Now that politics has reset itself, it’s worth looking at the polls since the change of PM — the results of which can pretty much be described as consensus …
Rudd poll boost, ALP becomes competitive, etc. But there’s something else worth talking about: what’s going on underneath these topline national results.
Unless one side starts running away with the polling, or something weird happens in Queensland like Rudd getting caught wearing a Blues jersey at the Origin decider, the headline two-party preferred results may be a little misleading going into the election — not in terms of them being wrong, but in terms of the seats they would ordinarily deliver to each side. To understand why, we first need to look at what’s happening with federal voting intention at the state level.

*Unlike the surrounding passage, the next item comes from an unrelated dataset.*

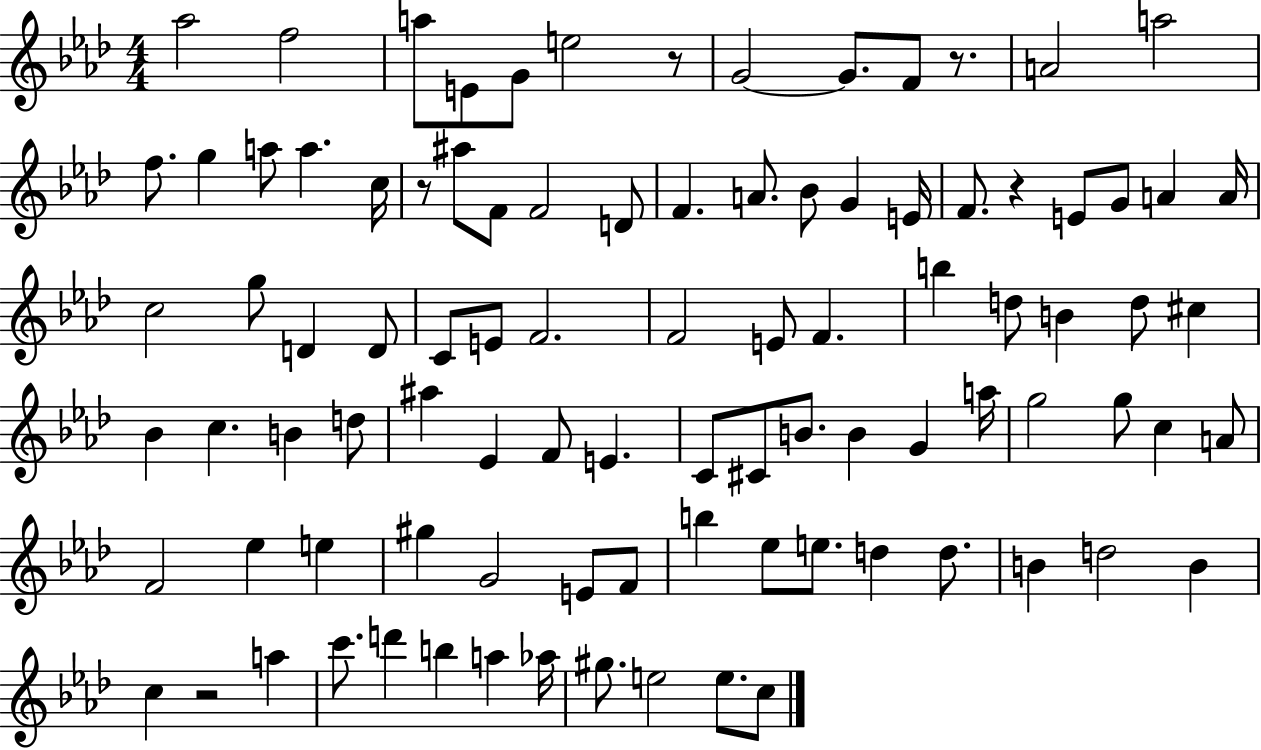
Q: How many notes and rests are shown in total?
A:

Both the Morgan SMS and ReachTEL polls had large sample sizes (5548 combined) and fortuitously we have the state breakdowns for each, allowing us to get a decent handle on the dynamics playing out at the state level. We have an additional poll for Queensland of 980-odd respondents, which is not quite an internal poll but it’s not quite not one either. It says the same things as the Queensland components of ReachTEL and Morgan SMS (ReachTEL has the ALP primary in Queensland at 39.6, Morgan has it at 44 and the third-party poll has the ALP primary sitting between them), so it’s all much of a muchness — effectively just reducing our margin of error on the Queensland numbers.
The “swing to the ALP” figure is the change to the ALP two-party preferred vote since the 2010 election. So there’s big movements to the ALP in Queensland, but large movements away from the party in Victoria and South Australia, with New South Wales and Western Australia remaining static.
If we plug those numbers into Antony Green’s election calculator, we get the ALP sitting on 77 seats, the Coalition on 71 and two independents (Bob Katter and Andrew Wilkie). The Tasmania, ACT and Northern Territory results all come from small samples in either the ReachTEL or Morgan SMS results, so they’re a bit iffy, but you get the general picture.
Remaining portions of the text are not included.